• TASK DIRECTIONS
Your copy should repeat each record exactly and contain none of the pictures.

• DATA SHOWN
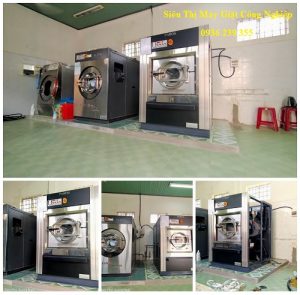 Cung cấp thiết bị cho hệ thống phòng giặt bệnh viện đa khoa Đặng Thùy Trâm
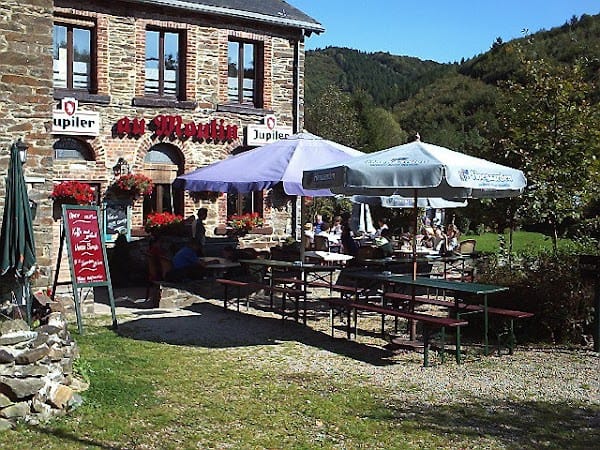 Restaurant Taverne au moulin à Malmedy, Belgique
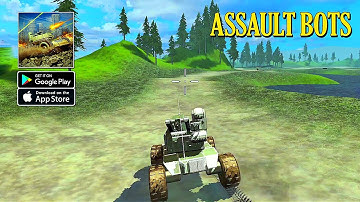 Assault Bots - Robot Multiplayer Gameplay (Android/IOS)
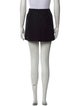 Dries Van Noten Wool Mini Skirt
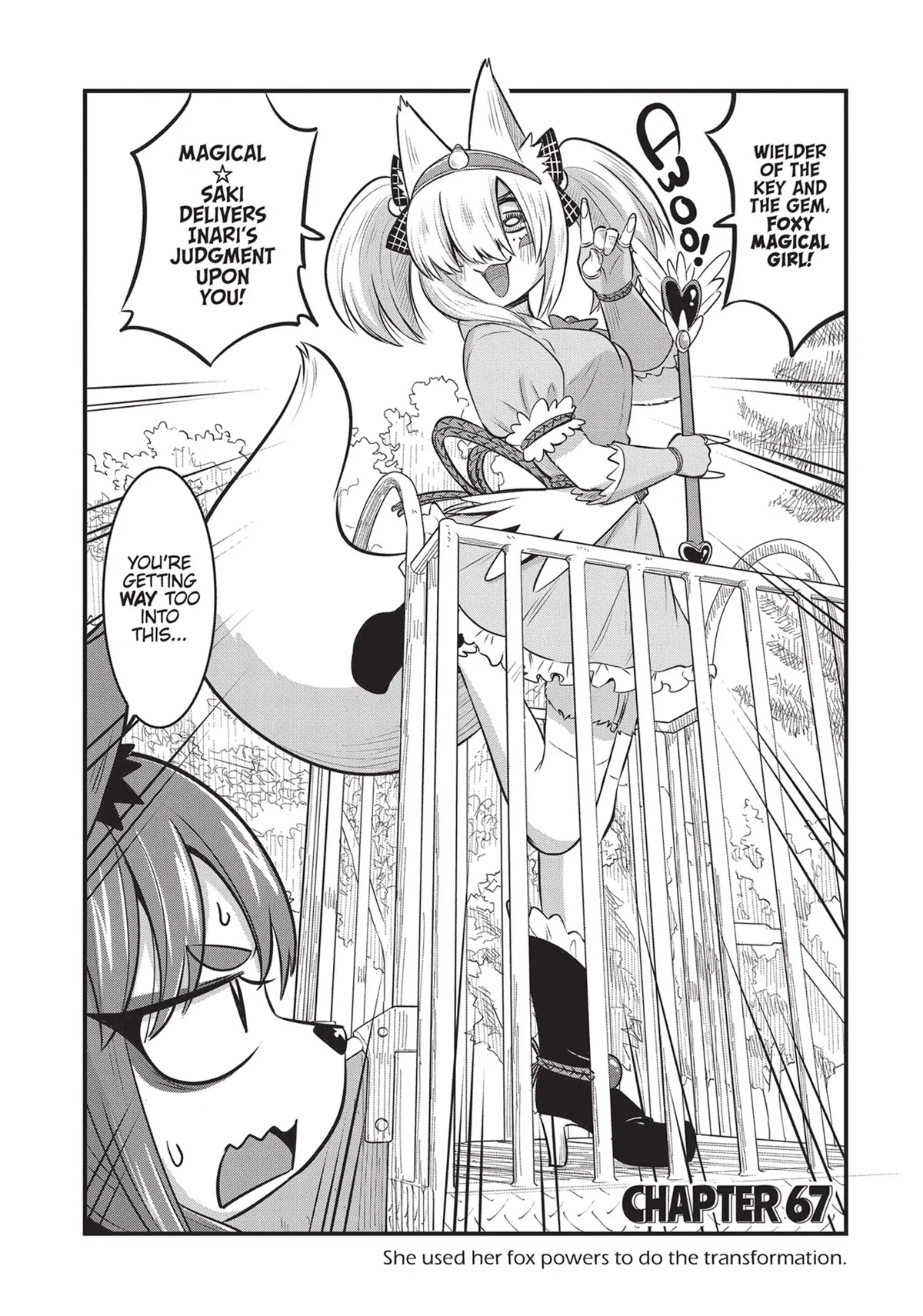 High School Inari Tamamo-chan! Chapter 67 page 2 - Chapter 67
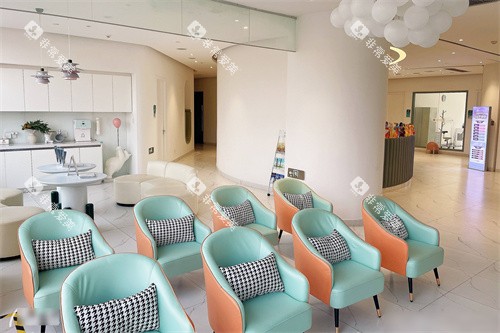 杭州下城口腔医院等候区 杭州下城口腔医院等候区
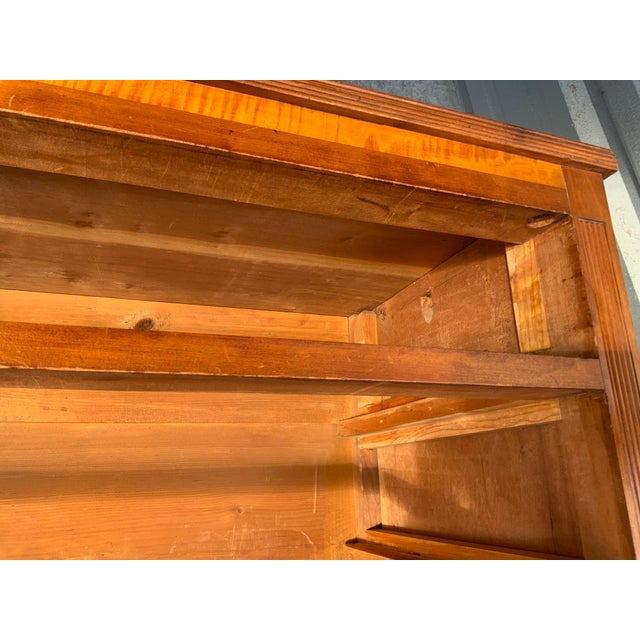 Early 19th Century Sheraton Cherry Chest For Sale - Image 14 of 16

• ANSWER FOR THE TASK
 Cung cấp thiết bị cho hệ thống phòng giặt bệnh viện đa khoa Đặng Thùy Trâm
 Restaurant Taverne au moulin à Malmedy, Belgique
 Assault Bots - Robot Multiplayer Gameplay (Android/IOS)
 Dries Van Noten Wool Mini Skirt
 High School Inari Tamamo-chan! Chapter 67 page 2 - Chapter 67
 杭州下城口腔医院等候区 杭州下城口腔医院等候区
 Early 19th Century Sheraton Cherry Chest For Sale - Image 14 of 16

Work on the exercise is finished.